[Bug 1847361] Re: Upgrade of qemu binaries causes running instances not able to dynamically load modules
Victor Tapia
1847361 at bugs.launchpad.net
Wed Oct 7 09:34:20 UTC 2020
** Patch removed: "qemu-stein.debdiff"
https://bugs.launchpad.net/ubuntu/+source/qemu/+bug/1847361/+attachment/5415315/+files/qemu-stein.debdiff
** Patch added: "qemu-stein.debdiff"
https://bugs.launchpad.net/ubuntu/+source/qemu/+bug/1847361/+attachment/5418856/+files/qemu-stein.debdiff
--
You received this bug notification because you are a member of Ubuntu
OpenStack, which is subscribed to Ubuntu Cloud Archive.
https://bugs.launchpad.net/bugs/1847361
Title:
Upgrade of qemu binaries causes running instances not able to
dynamically load modules
Status in Ubuntu Cloud Archive:
Fix Released
Status in Ubuntu Cloud Archive stein series:
Triaged
Status in libvirt package in Ubuntu:
Fix Released
Status in qemu package in Ubuntu:
Fix Released
Status in libvirt source package in Bionic:
Fix Released
Status in qemu source package in Bionic:
Fix Released
Status in libvirt source package in Eoan:
Fix Released
Status in qemu source package in Eoan:
Fix Released
Bug description:
[Impact]
* An infrequent but annoying issue is QEMUs problem to not be able to
hot-add capabilities IF since starting the instance qemu has been
upgraded.

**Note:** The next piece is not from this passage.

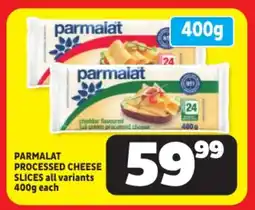 Usave Parmalat processed cheese slices all variants offer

This is due to qemu modules only working with exactly the
same build.
* We brought changes upstream that allow the packaging to keep the old
files around and make qemu look after them as a fallback.
[Test Case]
I:
* $ apt install uvtool-libvirt
$ uvt-simplestreams-libvirt --verbose sync --source http://cloud-images.ubuntu.com/daily arch=amd64 label=daily release=bionic
$ uvt-kvm create --password ubuntu lateload arch=amd64 release=bionic label=daily
cat > curldisk.xml << EOF
<disk type='network' device='disk'>
<driver name='qemu' type='raw'/>
<source protocol="http" name="ubuntu/dists/bionic-updates/main/installer-amd64/current/images/netboot/mini.iso">
<host name="archive.ubuntu.com" port="80"/>
</source>
<target dev='vdc' bus='virtio'/>
<readonly/>
</disk>
EOF
# Here up or downgrade the installed packages, even a minor
# version or a rebuild of the same version
# Instead if you prefer (easier) you can run
$ apt install --reinstall qemu-*
Next check if they appeared (action of the maintainer scripts)

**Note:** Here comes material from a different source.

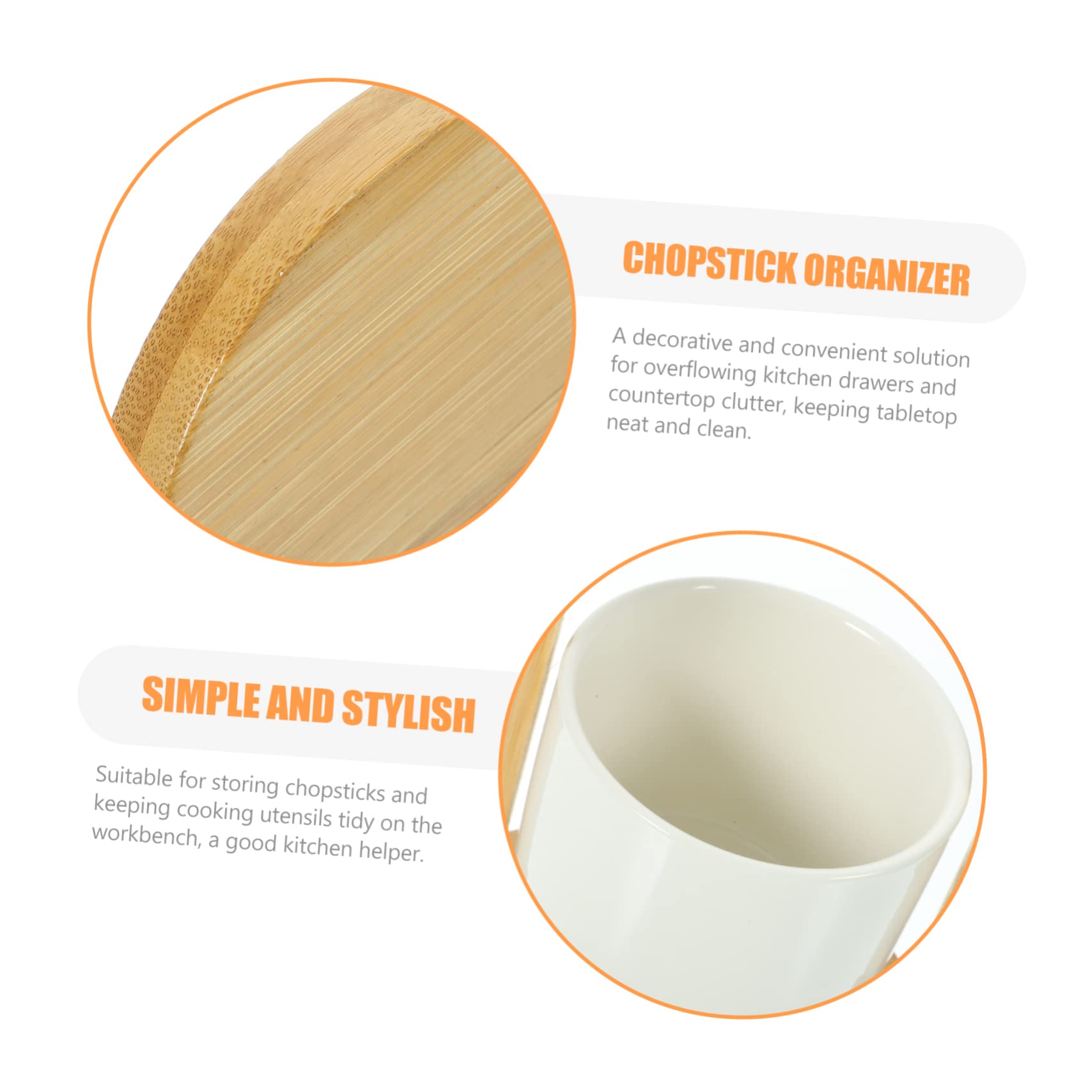 Cabilock Elegant Cutlery Storage Holder Simple Design Utensil Organizer for Kitchen Countertop Capacity Spoon Container for Neat Tableware Organization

in the /var/run/qemu/<version> directory
# And then rm/mv the original .so files of qemu-block-extra
# Trying to load a .so now would after an upgrade fail as the old qemu can't load the build id
$ virsh attach-device lateload curldisk.xml
Reported issue happens on attach:
root at b:~# virsh attach-device lateload cdrom-curl.xml
error: Failed to attach device from cdrom-curl.xml
error: internal error: unable to execute QEMU command 'device_add': Property 'virtio-blk-device.drive' can't find value 'drive-virtio-disk2'
In the log we can see:
Failed to initialize module: /usr/lib/x86_64-linux-gnu/qemu/block-curl.so
One can also check files mapped into a process and we should see the
/var/run/.. path being used now.
II:
* As it had issues in the first iteration of the fix worth a
try is also the use of an environment var for an extra path:
$ QEMU_MODULE_DIR="/tmp/" qemu-system-x86_64 -cdrom localhost::/foo
[Regression Potential]
I:
* libvirt just allows a few more paths to be read from in the apparmor
isolation that is usually safe unless these paths are considered
sensitive. But /var/run/qemu is new, /var/run in general not meant
for permanent or secure data and as always if people want to ramp up
isolation they can always add deny rules to the local overrides.
II:
* the qemu change has two components.
In qemu code it looks for another path if the former ones failed.
I see no issues there yet, but can imagine that odd versions might
make it access odd paths which would then be denied by apparmor or
just don't exist. But that is no different than the former built-in
paths it tries, so nothing bad should happen.
The code change to the maintainer scripts has to backup the files.
If that goes wrong upgrades could be broken, but so far no tests have
shown issues.
[Other Info]
* To really use the functionality users will need the new qemu AND the
new libvirt that are uploaded for this bug.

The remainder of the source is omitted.